I learned from Al Brophy's post this morning that Rice University historian Thomas Haskell passed away. See Al's post for Haskell's contribution to the history of antislavery sentiment in the antebellum U.S. This is my tribute.
Professor Haskell wrote not just about history, but about the philosophy and the writing of history - historiography. That work is relevant to anybody, including law professors, who attempts to cross-disciplinary boundaries. Law professors (including me) do it all the time, and the risk/reward is obvious. Disciplines are human-created categories. Professor Haskell's history of the rise of these categories in academic social science was The Emergence of Professional Social Science: The American Social Science Association and the Nineteenth-Century Crisis of Authority. Disciplines engender orthodoxies and received wisdoms - authority. To succeed in an academic discipline, you need to be careful about challenging them (see Louis Menand, The Marketplace of Ideas: Reform and Resistance in the American University).
If you are within the discipline, the likelihood you are coopted into the received wisdom or are pragmatic about testing the limits is obviously higher than if you are not. If you aren't in the discipline and do challenge the received wisdom, you stand a good chance of being taken as a dilettante. Hence, the risk/reward (even paradox) of interdisciplinarity. Those most inclined to it must do it very, very well even they do not carry a professional credential (Ph.D.) for the field into which they stray.
The story of Professor Haskell's own courage in testing the limits comes after the break.
I was a serious history major at Michigan about the time Professor Haskell was getting his Ph.D. One of my mentors there, Robert Berkhofer, inspired my own interest in the process of historiography - how what actually happened gets filtered through the perception of those who recorded it and those who later try to explain it. Many years later, when I was dipping my toes back into academia I came across Professor Haskell's work on historiography because of its relationship to lawyering (i.e. lawyers write narratives; a theory of the case is the skeleton for how the lawyer writes the history of the encounter being litigated). That work you find in his Objectivity is Not Neutrality: Explanatory Schemes in History.
In an email he sent me back in 2009, responding to my having sent him a draft of an article citing his work, Professor Haskell asked me to jog his memory if he didn't respond. I regret now I never did. I did, however, pay tribute to his interdisciplinary courage in the preface to Beyond Legal Reasoning:
I read a wonderful story about the risk and reward of overstepping disciplinary bounds in academia. At some point, I happened upon the work of Thomas Haskell, an eminent historian, whose work on the rise of professional disciplines was relevant to my own intuitions about the artificiality of their boundaries.

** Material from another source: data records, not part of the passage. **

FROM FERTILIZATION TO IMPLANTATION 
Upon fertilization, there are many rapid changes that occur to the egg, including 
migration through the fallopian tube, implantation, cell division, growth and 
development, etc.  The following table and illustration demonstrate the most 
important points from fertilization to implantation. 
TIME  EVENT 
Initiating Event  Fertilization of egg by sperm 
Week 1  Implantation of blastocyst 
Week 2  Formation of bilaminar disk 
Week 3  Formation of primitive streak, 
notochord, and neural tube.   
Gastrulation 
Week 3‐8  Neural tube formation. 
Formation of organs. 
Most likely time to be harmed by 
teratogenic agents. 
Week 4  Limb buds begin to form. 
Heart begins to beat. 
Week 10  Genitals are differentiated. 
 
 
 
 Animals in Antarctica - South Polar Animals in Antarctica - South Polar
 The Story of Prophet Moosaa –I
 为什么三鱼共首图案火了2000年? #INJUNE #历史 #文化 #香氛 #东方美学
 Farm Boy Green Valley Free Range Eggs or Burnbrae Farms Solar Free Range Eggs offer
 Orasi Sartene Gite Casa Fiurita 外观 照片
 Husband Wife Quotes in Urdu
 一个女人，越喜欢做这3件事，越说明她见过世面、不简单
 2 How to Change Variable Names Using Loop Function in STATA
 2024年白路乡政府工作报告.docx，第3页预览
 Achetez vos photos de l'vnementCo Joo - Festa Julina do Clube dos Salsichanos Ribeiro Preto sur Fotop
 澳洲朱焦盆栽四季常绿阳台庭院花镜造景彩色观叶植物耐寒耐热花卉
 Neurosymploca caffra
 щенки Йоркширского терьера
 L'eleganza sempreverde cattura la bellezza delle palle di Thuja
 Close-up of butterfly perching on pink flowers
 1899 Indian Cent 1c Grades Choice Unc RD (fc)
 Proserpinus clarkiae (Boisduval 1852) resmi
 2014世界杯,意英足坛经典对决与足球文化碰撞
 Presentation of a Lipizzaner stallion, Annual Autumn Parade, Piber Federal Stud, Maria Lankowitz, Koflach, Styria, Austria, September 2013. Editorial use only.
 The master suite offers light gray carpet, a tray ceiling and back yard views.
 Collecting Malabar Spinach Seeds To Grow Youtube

Back in 1974, when Haskell was getting his Ph.D. and I was still a serious undergraduate history student thinking about getting a Ph.D., economists Robert Fogel and Stanley Engerman wrote a controversial history of slavery entitled Time on the Cross. The thesis was that slave labor was more productive than free labor, based on an economic measure called the “index of total factor productivity.” I vividly remember the substantive stir it caused as well as the methodological issue among historians. The goal was to make the discipline more of a science, where historians would no longer be narrativists but “cliometricians.” Haskell described his reaction to the thesis upon reading the book:
"By the time I was halfway through it I suspected the authors had committed a blunder. Untrained in economics and having received my Ph.D. in history only a year earlier, I knew it would seem absurdly presumptuous of me to accuse two of the nation’s most distinguished economic historians of misusing a tool of their trade…."
Haskell succeeded in getting the New York Review of Books to publish his review, the first paragraph of which contained the following sentence: “I am not an econometric historian or a specialist in the history of slavery, but I am a reasonable man and, as such, entitled to judge the plausibility of the author’s argument.”
I found that inspiring, and it is how I feel about my own inter- or metadisciplinarity. I was (a) never coopted or socialized as a graduate student into any particular discipline, and (b) energized by learning enough about a subject area to borrow from it. I know I am a reasonable man. Sometimes crossing the boundary works and sometimes it doesn’t. You only hope that when it doesn’t, you figure it out before publishing it in a non-peer reviewed law journal where the editors don’t know any more about the subject than you do.